Dans « Procès d'une sous-culture dominante » (1984), Mostefa Lacheraf dénonçait les cas selon lui les plus notoires d'une littérature de dupes « ignorant leur propre vérité nationale », et emblématiques d'un processus redoutable d'acculturation-assimilation. Au moment d'évoquer « la jeune littérature algérienne », c'est Leïla Sebbar qui devient sa cible, au motif qu'elle incarnerait « l'acquiescement à un sort définitif de paria qui doit être celui du Maghrébin en exil », « sur un fond de sombre délectation d'apatrides, nonobstant [une] identité nationale proclamée à haute voix ». Le procès, expéditif, est politique. Sebbar est jugée coupable de ne s'identifier nationalement à l'Algérie qu'à haute voix, quand son œuvre, complaisamment apatride, se délecterait de la condition exilique.

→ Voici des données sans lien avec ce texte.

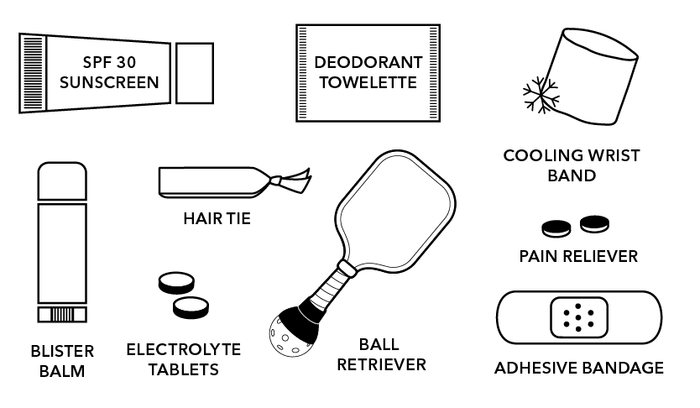 *Pickleball Kit: Cognac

Et de fait, Mes Algéries en France (2004), Journal de mes Algéries (2005) et ses suites (jusqu'en 2008) et Voyage en Algéries autour de ma chambre (2008) outragent ostensiblement l'invariabilité codifiée des noms propres géographiques, qui n'ont couramment qu'un nombre, pour leur opposer un pluriel irrégulier. C'est à examiner les implications de ce coup de force linguistique et politique que cet article s'attelle. Que dit cette remise en cause de la notoriété supposée du propre ? De quels déplacements, de quels croisements du propre et du commun, du dénombrable et de l'indénombrable, du personnel et du collectif, d'hier et d'aujourd'hui, ce pluriel remarquable, Algéries, rend-il compte ? De quels partages et de quelles solitudes ? Dans quelle mesure, pour finir, peut-on entendre le singulier paradoxal de « la littérature du Divers » dans le -s de ces Algéries ?

Abstract:

In "Procès d'une sous-culture dominante" (1984), Mostefa Lacheraf denounced what he considered to be the most notorious cases of a literature written by dupes, guilty of "ignoring their own national truth" and emblematic of a dreadful process of acculturation-assimilation. When it comes to what he calls "la jeune littérature algérienne", Leïla Sebbar becomes his target, on the grounds that she embodies "acquiescence to a definitive fate of pariah that must be that of the Maghrebi in exile", "against a backdrop of dark delight in statelessness, notwithstanding [a] loudly proclaimed national identity". The trial – expedited – is a political one. Sebbar is deemed guilty of identifying nationally with Algeria in voice only, while her body of work remains complacently stateless, reveling in the exilic condition.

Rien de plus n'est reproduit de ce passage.